Task directions:
Every entry should be transcribed word for word, so that nothing is missing.

[[ Dataset content open ]]

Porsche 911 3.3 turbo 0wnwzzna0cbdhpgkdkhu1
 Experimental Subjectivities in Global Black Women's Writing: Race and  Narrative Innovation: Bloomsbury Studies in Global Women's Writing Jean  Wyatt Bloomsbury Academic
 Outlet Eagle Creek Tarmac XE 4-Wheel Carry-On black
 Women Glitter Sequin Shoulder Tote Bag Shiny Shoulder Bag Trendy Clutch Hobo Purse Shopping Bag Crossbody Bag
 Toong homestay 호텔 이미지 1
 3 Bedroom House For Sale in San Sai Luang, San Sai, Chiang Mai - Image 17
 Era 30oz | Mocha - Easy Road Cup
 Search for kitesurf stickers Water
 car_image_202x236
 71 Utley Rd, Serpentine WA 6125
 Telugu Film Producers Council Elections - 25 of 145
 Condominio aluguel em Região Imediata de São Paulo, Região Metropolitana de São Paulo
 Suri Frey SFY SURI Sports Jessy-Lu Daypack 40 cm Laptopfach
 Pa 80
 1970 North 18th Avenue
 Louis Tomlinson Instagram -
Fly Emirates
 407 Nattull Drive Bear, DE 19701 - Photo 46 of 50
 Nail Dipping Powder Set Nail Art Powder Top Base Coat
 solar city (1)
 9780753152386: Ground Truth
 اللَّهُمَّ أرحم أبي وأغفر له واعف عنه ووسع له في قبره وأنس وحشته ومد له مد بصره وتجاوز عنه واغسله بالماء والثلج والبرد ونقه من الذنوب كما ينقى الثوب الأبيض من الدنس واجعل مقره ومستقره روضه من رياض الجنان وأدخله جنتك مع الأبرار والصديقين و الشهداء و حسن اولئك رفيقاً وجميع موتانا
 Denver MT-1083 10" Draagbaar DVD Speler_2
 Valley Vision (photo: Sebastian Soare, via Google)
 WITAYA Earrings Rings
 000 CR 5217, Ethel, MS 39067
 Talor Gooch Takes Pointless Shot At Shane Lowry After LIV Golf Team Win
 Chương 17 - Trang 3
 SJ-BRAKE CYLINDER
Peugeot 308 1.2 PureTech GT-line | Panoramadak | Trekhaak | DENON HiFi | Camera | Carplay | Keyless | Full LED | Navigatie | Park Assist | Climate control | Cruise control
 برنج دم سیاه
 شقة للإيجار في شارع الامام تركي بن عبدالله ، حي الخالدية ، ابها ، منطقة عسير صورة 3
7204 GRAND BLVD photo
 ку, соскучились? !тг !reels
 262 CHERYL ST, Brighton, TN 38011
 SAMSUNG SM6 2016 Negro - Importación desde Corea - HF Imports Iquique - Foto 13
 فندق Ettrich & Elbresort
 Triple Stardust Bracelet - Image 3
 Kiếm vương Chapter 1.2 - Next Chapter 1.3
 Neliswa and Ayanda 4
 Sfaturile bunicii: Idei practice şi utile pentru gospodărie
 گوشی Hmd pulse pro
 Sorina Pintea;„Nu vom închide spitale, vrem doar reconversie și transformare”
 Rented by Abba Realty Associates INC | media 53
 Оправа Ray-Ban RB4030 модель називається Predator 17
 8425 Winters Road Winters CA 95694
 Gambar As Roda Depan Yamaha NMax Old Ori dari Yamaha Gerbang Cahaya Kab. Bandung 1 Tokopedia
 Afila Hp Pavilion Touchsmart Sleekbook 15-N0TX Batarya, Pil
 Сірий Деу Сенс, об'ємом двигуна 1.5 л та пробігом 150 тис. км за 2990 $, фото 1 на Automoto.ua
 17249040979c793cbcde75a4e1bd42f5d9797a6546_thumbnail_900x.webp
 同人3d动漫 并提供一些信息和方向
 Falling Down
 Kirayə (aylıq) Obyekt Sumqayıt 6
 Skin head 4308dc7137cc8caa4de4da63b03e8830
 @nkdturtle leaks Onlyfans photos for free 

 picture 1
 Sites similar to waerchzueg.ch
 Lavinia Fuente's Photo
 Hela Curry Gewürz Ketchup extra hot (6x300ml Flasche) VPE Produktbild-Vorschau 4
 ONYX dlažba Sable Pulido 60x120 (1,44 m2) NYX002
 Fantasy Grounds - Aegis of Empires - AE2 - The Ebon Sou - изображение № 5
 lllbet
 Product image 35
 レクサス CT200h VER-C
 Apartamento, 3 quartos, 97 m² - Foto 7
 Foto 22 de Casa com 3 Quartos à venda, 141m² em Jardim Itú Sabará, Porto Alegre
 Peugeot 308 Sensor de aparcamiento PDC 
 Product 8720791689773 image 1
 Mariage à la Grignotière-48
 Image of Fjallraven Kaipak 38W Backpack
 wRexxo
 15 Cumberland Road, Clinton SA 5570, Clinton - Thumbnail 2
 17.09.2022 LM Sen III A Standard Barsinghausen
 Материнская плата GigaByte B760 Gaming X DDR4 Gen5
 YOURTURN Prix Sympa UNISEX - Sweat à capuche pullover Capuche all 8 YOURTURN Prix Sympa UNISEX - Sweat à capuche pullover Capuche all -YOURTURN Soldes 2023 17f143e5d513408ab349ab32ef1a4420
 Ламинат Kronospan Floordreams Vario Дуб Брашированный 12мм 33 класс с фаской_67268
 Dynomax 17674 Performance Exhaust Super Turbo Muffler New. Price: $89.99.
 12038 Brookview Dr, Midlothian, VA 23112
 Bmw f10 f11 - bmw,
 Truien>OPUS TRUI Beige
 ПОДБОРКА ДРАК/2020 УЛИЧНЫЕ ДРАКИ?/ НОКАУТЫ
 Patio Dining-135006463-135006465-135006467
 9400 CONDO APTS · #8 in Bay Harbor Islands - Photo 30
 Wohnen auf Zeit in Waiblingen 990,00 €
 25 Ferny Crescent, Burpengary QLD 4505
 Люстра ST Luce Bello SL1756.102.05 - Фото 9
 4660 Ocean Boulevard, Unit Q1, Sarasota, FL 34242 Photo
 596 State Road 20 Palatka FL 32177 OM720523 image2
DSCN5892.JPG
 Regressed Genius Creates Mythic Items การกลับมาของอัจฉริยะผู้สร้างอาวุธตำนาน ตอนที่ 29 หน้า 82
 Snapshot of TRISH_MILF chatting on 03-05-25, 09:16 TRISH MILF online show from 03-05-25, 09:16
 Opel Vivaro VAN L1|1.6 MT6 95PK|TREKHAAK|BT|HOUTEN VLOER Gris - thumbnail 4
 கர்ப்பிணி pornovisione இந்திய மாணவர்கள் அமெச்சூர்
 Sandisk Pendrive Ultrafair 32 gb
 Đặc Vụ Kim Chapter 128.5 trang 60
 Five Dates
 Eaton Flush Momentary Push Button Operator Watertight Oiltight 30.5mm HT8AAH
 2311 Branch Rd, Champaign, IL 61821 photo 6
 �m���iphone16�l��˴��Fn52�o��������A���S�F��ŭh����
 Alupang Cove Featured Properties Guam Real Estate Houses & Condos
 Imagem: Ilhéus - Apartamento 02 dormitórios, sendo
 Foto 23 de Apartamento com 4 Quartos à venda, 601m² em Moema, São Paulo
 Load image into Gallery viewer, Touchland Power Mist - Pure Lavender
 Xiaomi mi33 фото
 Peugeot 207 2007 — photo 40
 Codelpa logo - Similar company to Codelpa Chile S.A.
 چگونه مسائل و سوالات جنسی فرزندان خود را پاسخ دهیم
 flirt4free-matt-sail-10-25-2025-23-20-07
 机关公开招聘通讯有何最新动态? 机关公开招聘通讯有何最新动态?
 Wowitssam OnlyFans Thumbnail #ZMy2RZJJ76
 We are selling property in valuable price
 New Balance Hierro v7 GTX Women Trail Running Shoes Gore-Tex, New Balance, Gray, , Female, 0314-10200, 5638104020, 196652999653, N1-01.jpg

[[ Dataset content closed ]]

Solved exercise:
Porsche 911 3.3 turbo 0wnwzzna0cbdhpgkdkhu1
 Experimental Subjectivities in Global Black Women's Writing: Race and  Narrative Innovation: Bloomsbury Studies in Global Women's Writing Jean  Wyatt Bloomsbury Academic
 Outlet Eagle Creek Tarmac XE 4-Wheel Carry-On black
 Women Glitter Sequin Shoulder Tote Bag Shiny Shoulder Bag Trendy Clutch Hobo Purse Shopping Bag Crossbody Bag
 Toong homestay 호텔 이미지 1
 3 Bedroom House For Sale in San Sai Luang, San Sai, Chiang Mai - Image 17
 Era 30oz | Mocha - Easy Road Cup
 Search for kitesurf stickers Water
 car_image_202x236
 71 Utley Rd, Serpentine WA 6125
 Telugu Film Producers Council Elections - 25 of 145
 Condominio aluguel em Região Imediata de São Paulo, Região Metropolitana de São Paulo
 Suri Frey SFY SURI Sports Jessy-Lu Daypack 40 cm Laptopfach
 Pa 80
 1970 North 18th Avenue
 Louis Tomlinson Instagram -
Fly Emirates
 407 Nattull Drive Bear, DE 19701 - Photo 46 of 50
 Nail Dipping Powder Set Nail Art Powder Top Base Coat
 solar city (1)
 9780753152386: Ground Truth
 اللَّهُمَّ أرحم أبي وأغفر له واعف عنه ووسع له في قبره وأنس وحشته ومد له مد بصره وتجاوز عنه واغسله بالماء والثلج والبرد ونقه من الذنوب كما ينقى الثوب الأبيض من الدنس واجعل مقره ومستقره روضه من رياض الجنان وأدخله جنتك مع الأبرار والصديقين و الشهداء و حسن اولئك رفيقاً وجميع موتانا
 Denver MT-1083 10" Draagbaar DVD Speler_2
 Valley Vision (photo: Sebastian Soare, via Google)
 WITAYA Earrings Rings
 000 CR 5217, Ethel, MS 39067
 Talor Gooch Takes Pointless Shot At Shane Lowry After LIV Golf Team Win
 Chương 17 - Trang 3
 SJ-BRAKE CYLINDER
Peugeot 308 1.2 PureTech GT-line | Panoramadak | Trekhaak | DENON HiFi | Camera | Carplay | Keyless | Full LED | Navigatie | Park Assist | Climate control | Cruise control
 برنج دم سیاه
 شقة للإيجار في شارع الامام تركي بن عبدالله ، حي الخالدية ، ابها ، منطقة عسير صورة 3
7204 GRAND BLVD photo
 ку, соскучились? !тг !reels
 262 CHERYL ST, Brighton, TN 38011
 SAMSUNG SM6 2016 Negro - Importación desde Corea - HF Imports Iquique - Foto 13
 فندق Ettrich & Elbresort
 Triple Stardust Bracelet - Image 3
 Kiếm vương Chapter 1.2 - Next Chapter 1.3
 Neliswa and Ayanda 4
 Sfaturile bunicii: Idei practice şi utile pentru gospodărie
 گوشی Hmd pulse pro
 Sorina Pintea;„Nu vom închide spitale, vrem doar reconversie și transformare”
 Rented by Abba Realty Associates INC | media 53
 Оправа Ray-Ban RB4030 модель називається Predator 17
 8425 Winters Road Winters CA 95694
 Gambar As Roda Depan Yamaha NMax Old Ori dari Yamaha Gerbang Cahaya Kab. Bandung 1 Tokopedia
 Afila Hp Pavilion Touchsmart Sleekbook 15-N0TX Batarya, Pil
 Сірий Деу Сенс, об'ємом двигуна 1.5 л та пробігом 150 тис. км за 2990 $, фото 1 на Automoto.ua
 17249040979c793cbcde75a4e1bd42f5d9797a6546_thumbnail_900x.webp
 同人3d动漫 并提供一些信息和方向
 Falling Down
 Kirayə (aylıq) Obyekt Sumqayıt 6
 Skin head 4308dc7137cc8caa4de4da63b03e8830
 @nkdturtle leaks Onlyfans photos for free 

 picture 1
 Sites similar to waerchzueg.ch
 Lavinia Fuente's Photo
 Hela Curry Gewürz Ketchup extra hot (6x300ml Flasche) VPE Produktbild-Vorschau 4
 ONYX dlažba Sable Pulido 60x120 (1,44 m2) NYX002
 Fantasy Grounds - Aegis of Empires - AE2 - The Ebon Sou - изображение № 5
 lllbet
 Product image 35
 レクサス CT200h VER-C
 Apartamento, 3 quartos, 97 m² - Foto 7
 Foto 22 de Casa com 3 Quartos à venda, 141m² em Jardim Itú Sabará, Porto Alegre
 Peugeot 308 Sensor de aparcamiento PDC 
 Product 8720791689773 image 1
 Mariage à la Grignotière-48
 Image of Fjallraven Kaipak 38W Backpack
 wRexxo
 15 Cumberland Road, Clinton SA 5570, Clinton - Thumbnail 2
 17.09.2022 LM Sen III A Standard Barsinghausen
 Материнская плата GigaByte B760 Gaming X DDR4 Gen5
 YOURTURN Prix Sympa UNISEX - Sweat à capuche pullover Capuche all 8 YOURTURN Prix Sympa UNISEX - Sweat à capuche pullover Capuche all -YOURTURN Soldes 2023 17f143e5d513408ab349ab32ef1a4420
 Ламинат Kronospan Floordreams Vario Дуб Брашированный 12мм 33 класс с фаской_67268
 Dynomax 17674 Performance Exhaust Super Turbo Muffler New. Price: $89.99.
 12038 Brookview Dr, Midlothian, VA 23112
 Bmw f10 f11 - bmw,
 Truien>OPUS TRUI Beige
 ПОДБОРКА ДРАК/2020 УЛИЧНЫЕ ДРАКИ?/ НОКАУТЫ
 Patio Dining-135006463-135006465-135006467
 9400 CONDO APTS · #8 in Bay Harbor Islands - Photo 30
 Wohnen auf Zeit in Waiblingen 990,00 €
 25 Ferny Crescent, Burpengary QLD 4505
 Люстра ST Luce Bello SL1756.102.05 - Фото 9
 4660 Ocean Boulevard, Unit Q1, Sarasota, FL 34242 Photo
 596 State Road 20 Palatka FL 32177 OM720523 image2
DSCN5892.JPG
 Regressed Genius Creates Mythic Items การกลับมาของอัจฉริยะผู้สร้างอาวุธตำนาน ตอนที่ 29 หน้า 82
 Snapshot of TRISH_MILF chatting on 03-05-25, 09:16 TRISH MILF online show from 03-05-25, 09:16
 Opel Vivaro VAN L1|1.6 MT6 95PK|TREKHAAK|BT|HOUTEN VLOER Gris - thumbnail 4
 கர்ப்பிணி pornovisione இந்திய மாணவர்கள் அமெச்சூர்
 Sandisk Pendrive Ultrafair 32 gb
 Đặc Vụ Kim Chapter 128.5 trang 60
 Five Dates
 Eaton Flush Momentary Push Button Operator Watertight Oiltight 30.5mm HT8AAH
 2311 Branch Rd, Champaign, IL 61821 photo 6
 �m���iphone16�l��˴��Fn52�o��������A���S�F��ŭh����
 Alupang Cove Featured Properties Guam Real Estate Houses & Condos
 Imagem: Ilhéus - Apartamento 02 dormitórios, sendo
 Foto 23 de Apartamento com 4 Quartos à venda, 601m² em Moema, São Paulo
 Load image into Gallery viewer, Touchland Power Mist - Pure Lavender
 Xiaomi mi33 фото
 Peugeot 207 2007 — photo 40
 Codelpa logo - Similar company to Codelpa Chile S.A.
 چگونه مسائل و سوالات جنسی فرزندان خود را پاسخ دهیم
 flirt4free-matt-sail-10-25-2025-23-20-07
 机关公开招聘通讯有何最新动态? 机关公开招聘通讯有何最新动态?
 Wowitssam OnlyFans Thumbnail #ZMy2RZJJ76
 We are selling property in valuable price
 New Balance Hierro v7 GTX Women Trail Running Shoes Gore-Tex, New Balance, Gray, , Female, 0314-10200, 5638104020, 196652999653, N1-01.jpg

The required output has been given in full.